L'esordio de "Il meglio che possa capitare ad una brioche" fa sbellicare dalle risate.
Il protagonista viene coinvolto in una faccenda strana e misteriosa che cerca di risolvere tra una birra e l'altra, una prostituta e l'altra, un'overdose di tv e cibo ipercalorico e l'altra.
La parte finale invece è deludente, la trama si attorciglia su sè stessa e cade in un buco.
Il luogo segreto dove viene rinchiuso il protagonista con il fratello, sede di una sorta di setta o confraternita, non convince: se dev'essere una metaforica critica alla società l'accettiamo con riserva.
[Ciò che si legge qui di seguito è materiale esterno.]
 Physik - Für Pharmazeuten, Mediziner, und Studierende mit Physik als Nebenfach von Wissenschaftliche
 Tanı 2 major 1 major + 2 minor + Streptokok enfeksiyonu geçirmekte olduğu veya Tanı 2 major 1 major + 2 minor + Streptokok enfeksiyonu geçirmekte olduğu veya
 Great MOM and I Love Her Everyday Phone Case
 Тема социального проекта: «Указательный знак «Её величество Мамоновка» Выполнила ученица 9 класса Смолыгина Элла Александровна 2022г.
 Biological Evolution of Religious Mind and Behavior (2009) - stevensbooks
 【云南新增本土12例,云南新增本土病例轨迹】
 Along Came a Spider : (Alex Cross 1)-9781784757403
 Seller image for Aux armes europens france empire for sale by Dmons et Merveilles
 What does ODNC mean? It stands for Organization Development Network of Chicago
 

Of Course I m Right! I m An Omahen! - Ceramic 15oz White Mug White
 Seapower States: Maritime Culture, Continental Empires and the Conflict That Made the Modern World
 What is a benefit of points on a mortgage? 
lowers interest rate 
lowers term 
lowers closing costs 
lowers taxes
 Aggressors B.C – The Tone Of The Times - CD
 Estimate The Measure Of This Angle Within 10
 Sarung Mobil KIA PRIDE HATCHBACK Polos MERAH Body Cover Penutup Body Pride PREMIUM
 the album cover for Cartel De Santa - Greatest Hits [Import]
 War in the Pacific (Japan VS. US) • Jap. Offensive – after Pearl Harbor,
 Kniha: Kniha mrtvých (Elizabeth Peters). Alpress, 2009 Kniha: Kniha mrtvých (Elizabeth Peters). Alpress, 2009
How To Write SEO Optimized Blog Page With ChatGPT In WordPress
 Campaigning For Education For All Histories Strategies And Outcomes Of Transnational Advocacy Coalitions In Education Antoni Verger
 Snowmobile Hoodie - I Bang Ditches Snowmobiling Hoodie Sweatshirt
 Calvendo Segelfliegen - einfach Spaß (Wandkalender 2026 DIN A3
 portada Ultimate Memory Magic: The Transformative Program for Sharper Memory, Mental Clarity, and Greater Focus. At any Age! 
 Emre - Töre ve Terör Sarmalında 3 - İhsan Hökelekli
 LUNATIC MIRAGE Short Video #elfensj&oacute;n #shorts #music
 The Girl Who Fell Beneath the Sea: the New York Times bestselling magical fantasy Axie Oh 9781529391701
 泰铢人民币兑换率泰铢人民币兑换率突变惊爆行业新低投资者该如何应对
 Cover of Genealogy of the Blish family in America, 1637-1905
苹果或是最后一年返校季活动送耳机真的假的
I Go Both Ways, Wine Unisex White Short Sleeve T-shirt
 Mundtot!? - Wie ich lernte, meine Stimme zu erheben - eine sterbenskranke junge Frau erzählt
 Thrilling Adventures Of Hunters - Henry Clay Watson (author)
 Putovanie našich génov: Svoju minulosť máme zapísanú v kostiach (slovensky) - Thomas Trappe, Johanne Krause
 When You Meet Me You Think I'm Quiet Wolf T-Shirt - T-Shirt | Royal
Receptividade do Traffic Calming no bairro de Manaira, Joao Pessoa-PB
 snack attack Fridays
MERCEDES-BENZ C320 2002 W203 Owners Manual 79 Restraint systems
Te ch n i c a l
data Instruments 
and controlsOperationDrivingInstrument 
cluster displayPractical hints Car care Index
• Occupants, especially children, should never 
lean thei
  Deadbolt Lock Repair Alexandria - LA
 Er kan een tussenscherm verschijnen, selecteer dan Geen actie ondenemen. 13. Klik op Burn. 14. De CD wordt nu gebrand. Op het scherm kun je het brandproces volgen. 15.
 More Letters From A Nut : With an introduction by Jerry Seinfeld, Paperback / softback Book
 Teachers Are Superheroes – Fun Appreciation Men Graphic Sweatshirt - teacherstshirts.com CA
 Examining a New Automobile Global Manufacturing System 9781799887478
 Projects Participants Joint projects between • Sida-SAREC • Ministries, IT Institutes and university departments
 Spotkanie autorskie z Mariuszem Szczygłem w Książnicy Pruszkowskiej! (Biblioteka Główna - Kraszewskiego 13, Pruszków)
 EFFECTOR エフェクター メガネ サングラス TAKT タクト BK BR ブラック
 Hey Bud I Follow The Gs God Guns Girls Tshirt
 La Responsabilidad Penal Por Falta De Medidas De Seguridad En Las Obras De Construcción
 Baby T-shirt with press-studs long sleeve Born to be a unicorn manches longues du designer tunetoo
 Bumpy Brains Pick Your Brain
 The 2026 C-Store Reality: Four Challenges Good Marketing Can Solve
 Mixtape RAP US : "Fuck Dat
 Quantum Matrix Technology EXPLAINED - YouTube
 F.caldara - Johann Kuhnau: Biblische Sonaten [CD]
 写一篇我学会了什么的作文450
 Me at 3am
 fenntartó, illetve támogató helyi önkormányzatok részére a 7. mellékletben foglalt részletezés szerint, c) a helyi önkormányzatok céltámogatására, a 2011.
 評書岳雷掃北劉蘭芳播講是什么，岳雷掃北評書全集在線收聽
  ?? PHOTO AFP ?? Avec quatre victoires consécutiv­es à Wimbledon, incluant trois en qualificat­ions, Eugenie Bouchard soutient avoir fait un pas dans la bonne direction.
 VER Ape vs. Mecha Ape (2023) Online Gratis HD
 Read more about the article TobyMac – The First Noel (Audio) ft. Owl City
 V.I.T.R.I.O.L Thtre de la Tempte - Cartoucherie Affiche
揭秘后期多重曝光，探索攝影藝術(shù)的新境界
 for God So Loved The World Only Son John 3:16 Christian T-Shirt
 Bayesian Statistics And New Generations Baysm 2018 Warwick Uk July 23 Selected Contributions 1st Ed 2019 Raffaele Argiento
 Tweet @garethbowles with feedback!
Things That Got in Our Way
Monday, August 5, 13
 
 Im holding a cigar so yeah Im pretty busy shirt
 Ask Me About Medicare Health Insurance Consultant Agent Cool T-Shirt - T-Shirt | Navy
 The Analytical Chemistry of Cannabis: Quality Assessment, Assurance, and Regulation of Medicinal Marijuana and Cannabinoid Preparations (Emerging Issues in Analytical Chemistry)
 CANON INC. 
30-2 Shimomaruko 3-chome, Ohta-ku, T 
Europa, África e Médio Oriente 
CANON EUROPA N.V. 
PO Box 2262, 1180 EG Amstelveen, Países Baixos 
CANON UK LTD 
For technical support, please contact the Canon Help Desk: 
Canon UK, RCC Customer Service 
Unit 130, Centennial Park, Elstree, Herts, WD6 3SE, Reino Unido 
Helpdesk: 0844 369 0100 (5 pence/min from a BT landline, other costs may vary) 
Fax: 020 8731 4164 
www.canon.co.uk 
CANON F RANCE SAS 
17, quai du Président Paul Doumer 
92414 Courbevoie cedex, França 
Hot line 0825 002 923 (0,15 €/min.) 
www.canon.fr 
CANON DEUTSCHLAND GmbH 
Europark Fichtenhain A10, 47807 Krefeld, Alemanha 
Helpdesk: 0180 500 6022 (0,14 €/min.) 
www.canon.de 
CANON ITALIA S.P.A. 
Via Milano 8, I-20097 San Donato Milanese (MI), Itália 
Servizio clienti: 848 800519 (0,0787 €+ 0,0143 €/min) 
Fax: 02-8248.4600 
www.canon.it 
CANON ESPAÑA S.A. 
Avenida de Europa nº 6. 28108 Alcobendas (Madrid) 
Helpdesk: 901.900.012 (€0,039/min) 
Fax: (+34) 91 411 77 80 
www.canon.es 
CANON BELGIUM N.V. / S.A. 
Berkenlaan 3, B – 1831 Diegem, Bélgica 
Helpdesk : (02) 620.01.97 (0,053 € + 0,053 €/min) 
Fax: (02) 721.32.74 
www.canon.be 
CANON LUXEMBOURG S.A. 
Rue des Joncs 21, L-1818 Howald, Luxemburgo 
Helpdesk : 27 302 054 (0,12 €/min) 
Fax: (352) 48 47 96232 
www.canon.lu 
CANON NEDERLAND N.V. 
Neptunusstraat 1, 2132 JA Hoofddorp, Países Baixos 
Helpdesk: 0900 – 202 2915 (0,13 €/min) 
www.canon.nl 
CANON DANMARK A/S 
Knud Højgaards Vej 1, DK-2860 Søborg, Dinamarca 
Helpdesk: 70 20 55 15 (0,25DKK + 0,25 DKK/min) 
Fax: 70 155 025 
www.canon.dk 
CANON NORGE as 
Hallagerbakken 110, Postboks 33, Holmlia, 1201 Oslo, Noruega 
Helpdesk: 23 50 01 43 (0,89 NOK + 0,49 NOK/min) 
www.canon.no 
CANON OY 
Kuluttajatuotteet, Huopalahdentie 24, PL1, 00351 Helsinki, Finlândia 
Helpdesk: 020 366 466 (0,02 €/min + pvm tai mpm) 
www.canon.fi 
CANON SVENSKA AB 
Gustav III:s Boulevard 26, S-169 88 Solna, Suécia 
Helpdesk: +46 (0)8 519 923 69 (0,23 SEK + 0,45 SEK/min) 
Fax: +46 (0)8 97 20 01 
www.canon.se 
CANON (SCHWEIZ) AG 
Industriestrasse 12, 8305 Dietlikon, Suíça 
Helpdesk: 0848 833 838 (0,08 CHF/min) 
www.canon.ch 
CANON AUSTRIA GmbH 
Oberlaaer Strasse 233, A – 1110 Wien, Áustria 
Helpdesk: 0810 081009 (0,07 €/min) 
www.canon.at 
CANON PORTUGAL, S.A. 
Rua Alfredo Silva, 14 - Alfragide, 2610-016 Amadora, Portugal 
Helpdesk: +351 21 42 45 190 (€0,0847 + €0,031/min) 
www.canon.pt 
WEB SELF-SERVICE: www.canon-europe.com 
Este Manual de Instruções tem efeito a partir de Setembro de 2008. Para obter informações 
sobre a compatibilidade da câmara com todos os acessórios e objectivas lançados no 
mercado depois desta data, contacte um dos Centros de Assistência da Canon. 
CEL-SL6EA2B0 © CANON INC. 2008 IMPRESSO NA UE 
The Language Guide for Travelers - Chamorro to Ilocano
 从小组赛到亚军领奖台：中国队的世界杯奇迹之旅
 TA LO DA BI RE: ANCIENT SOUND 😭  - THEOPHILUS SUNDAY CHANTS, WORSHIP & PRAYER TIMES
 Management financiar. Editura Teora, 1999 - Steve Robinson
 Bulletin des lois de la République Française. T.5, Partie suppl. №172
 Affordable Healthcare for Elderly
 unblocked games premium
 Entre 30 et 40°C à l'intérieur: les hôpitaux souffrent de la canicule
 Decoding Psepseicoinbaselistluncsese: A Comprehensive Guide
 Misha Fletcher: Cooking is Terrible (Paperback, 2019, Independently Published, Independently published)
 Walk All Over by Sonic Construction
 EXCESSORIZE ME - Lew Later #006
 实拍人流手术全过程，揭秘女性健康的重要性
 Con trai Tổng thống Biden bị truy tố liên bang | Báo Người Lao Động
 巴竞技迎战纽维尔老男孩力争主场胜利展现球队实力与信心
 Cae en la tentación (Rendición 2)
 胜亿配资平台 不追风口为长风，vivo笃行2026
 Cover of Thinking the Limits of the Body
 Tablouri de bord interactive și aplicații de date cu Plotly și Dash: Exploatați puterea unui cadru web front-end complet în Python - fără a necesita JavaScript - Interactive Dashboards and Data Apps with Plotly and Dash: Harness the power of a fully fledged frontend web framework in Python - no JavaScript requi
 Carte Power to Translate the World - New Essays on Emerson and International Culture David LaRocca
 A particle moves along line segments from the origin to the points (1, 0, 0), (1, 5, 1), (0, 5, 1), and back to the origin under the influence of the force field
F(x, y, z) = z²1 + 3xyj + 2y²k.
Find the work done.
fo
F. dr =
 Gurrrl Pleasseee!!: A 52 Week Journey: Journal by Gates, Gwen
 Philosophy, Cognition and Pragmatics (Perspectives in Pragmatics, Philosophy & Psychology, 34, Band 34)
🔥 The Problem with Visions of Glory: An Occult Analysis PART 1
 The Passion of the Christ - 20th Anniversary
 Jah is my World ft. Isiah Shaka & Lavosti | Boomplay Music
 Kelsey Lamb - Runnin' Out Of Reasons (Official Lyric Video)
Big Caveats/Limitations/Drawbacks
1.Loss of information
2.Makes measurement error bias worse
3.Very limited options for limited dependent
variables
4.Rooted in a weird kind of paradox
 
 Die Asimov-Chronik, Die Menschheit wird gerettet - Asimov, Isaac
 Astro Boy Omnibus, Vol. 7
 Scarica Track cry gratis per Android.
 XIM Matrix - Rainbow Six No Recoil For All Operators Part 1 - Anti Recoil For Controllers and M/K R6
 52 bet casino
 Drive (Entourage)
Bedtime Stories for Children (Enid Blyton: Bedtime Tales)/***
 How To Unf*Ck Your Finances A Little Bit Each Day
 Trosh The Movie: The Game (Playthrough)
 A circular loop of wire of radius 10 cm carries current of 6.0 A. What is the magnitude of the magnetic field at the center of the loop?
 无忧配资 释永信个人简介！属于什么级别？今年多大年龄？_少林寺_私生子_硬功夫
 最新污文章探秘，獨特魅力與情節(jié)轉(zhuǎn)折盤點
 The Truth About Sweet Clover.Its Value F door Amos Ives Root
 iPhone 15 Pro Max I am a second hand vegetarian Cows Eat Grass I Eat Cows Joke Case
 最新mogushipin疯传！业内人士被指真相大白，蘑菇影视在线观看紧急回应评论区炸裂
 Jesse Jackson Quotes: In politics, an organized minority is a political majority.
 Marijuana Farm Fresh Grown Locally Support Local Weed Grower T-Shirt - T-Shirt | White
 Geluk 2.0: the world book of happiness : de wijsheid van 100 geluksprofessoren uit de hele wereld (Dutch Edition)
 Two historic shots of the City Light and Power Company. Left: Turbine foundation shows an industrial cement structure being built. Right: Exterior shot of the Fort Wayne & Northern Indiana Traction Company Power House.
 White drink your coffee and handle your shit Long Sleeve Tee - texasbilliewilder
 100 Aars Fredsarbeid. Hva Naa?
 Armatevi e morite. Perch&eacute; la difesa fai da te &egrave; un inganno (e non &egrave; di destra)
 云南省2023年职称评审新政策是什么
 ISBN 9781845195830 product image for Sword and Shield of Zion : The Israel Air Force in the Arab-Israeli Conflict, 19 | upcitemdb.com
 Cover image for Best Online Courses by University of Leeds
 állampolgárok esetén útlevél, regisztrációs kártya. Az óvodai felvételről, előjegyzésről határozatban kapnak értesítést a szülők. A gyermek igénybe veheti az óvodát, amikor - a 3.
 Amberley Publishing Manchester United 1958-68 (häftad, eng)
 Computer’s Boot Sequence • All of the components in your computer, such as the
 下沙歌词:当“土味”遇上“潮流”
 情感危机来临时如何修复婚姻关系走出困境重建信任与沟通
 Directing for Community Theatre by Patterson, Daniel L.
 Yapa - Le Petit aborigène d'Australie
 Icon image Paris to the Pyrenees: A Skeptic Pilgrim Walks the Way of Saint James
Il punto è che il protagonista, figlio di un magnate della finanza spagnola, che fa l'alternativo scazzato con il culo degli altri, non può venire a raccontarci come vivere al meglio in una condizione di nichilismo, misoginia, dipendenza da cannabis, leggerezza nell'animo e pesantezza del corpo.
Inoltre mi ricorda i classici film italiani dove i soliti uomini sfigati e bruttini, vedi Pieraccioni, Boldi, Calà e altri mille, vanno sempre a finire con delle super fighe oppure hanno delle botte di culo, ecco, questa non è la regola.
A parte questa critica non oggetiiva (talvolta mi rendo conto di avere dei pregiudizi nei confronti dei ricchi che fanno i poveri, ma forse si tratta do invidia), il romanzo resta molto divertente, ci sono delle parti che rileggerei ora per farmi una risata.